Economic punches and developmental disappointments might have bruised and battered Mahinda Rajapaksa’s once enormous popularity among Sinhala masses. Yet a considerable part of it still endures. There is nothing outlandish about this; despotic leaders are usually popular, for a while, before the devastating costs of their rule become manifest. Vellupillai Pirapaharan was popular in his time. So was Adolf Hitler, until the Americans’ daylight carpet-bombing of German cities and the Red Army’s arrival on the borders of the Thousand Year Reich compelled ordinary Germans to realise the inevitability of a defeat on a Götterdämmerung scale.

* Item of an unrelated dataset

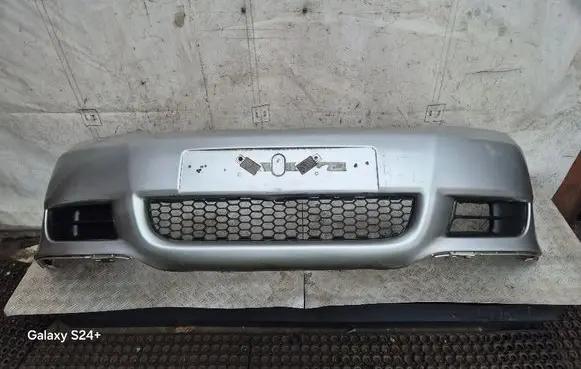 Toyota Corolla Verso AR10 Front bumper 521190F010 531120F010 521280F030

Mahinda Rajapaksa is popular among Sinhala masses because his promise of ushering a developmental Shangri la is believed, still. He has credibility because the 30 year Eelam War came to a victorious conclusion under his leadership. The non-appearance of the much anticipated peace dividend and the consequent exacerbation of economic hardships have dented, somewhat, the hope of a richer tomorrow. But a huge chunk of the Sinhala South still clings to the belief that the Rajapaksas can and will deliver the promised felicitous future.
The Siblings would know the importance of keeping that faith alive. They would also know that economic outrages, such as the electricity rates hike, can cause serious fissures in that belief.